Bill4Time is proud to be part of the Kennedy & Mighell Report by Legal Talk Network. Here’s a little commentary to give you some insight into one of their podcasts.
The legal technology duo is at it again! In this podcast, they respond to the reality of how most lawyers are still not using computers for note-taking. The legal pad is still prominent in the court houses and conferences. Maybe touch screen technology is a good contender.
In Defense of the Computer
The greatest benefit to using a computer when taking notes is the fact that your notes are already digitalized. And this opens a flood of benefits:
- You don’t have to go back and retype your notes.

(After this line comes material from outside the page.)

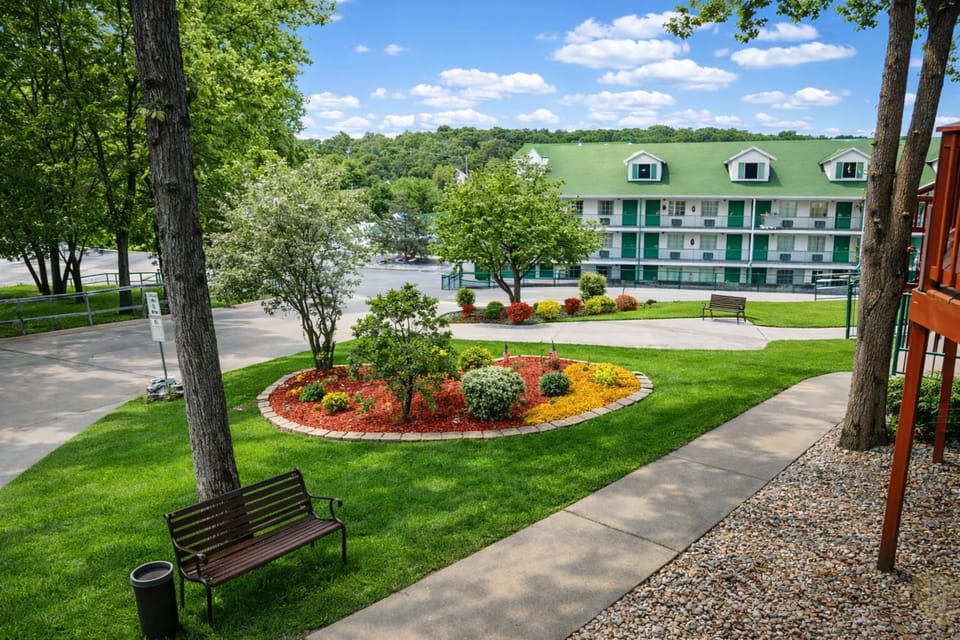 Property building, View (from property/room), Mountain view, Inner courtyard view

- You can quickly copy and paste little tidbits of the conference and Tweet them.
- You can quickly extract the most important parts of your notes.
- You have all your information condensed in a single place.
- You can transfer your notes quickly to a spreadsheet, a flash drive, email, etc.
- And if you’re tracking your time, you have it right there on your screen!
iPhone, Windows 7 and the Legal Technology World
Remember those computer notepads? You used a stylus to write things on the screen? Well, it didn’t fly so well with lawyers. Some embraced it but the problem was the format. Since many weren’t using it, it was a hassle to convert the documents all the time.
In the podcast, Kennedy and Mighell made a good point how the iTouch and the iPhone have made it a lot easier – and a lot more fun – to embrace new technology. The number of fun apps and practical apps are tremendous. It’s super easy to use and there’s this “social seal of approval” of the product. With the mass use of it, chances are, the computer experts already went through the main bugs ahead of time. For a few months now, there has been much dialog over the rumored iPad: an Apple notepad that doesn’t require a stylus. It’s just one step further towards the touch-screen movement.
And now we have Windows 7 with touch screen capabilities.
Replacing the legal pad and embracing the kind of legal technology is almost already done:
- We are used to carrying an electronic device wherever we go.
- We are used to typing information about events in real time as we text.
- Many of us are used to touch-screen technology with ATM machines, smart phones and PDA’s.
I can’t say for certain how fast touch-screen technology will be in every courtroom, but I can definitely say that this movement just might reduce the number of tendinitis cases! But seriously, it will increase efficiency in the transmission of information in the legal world.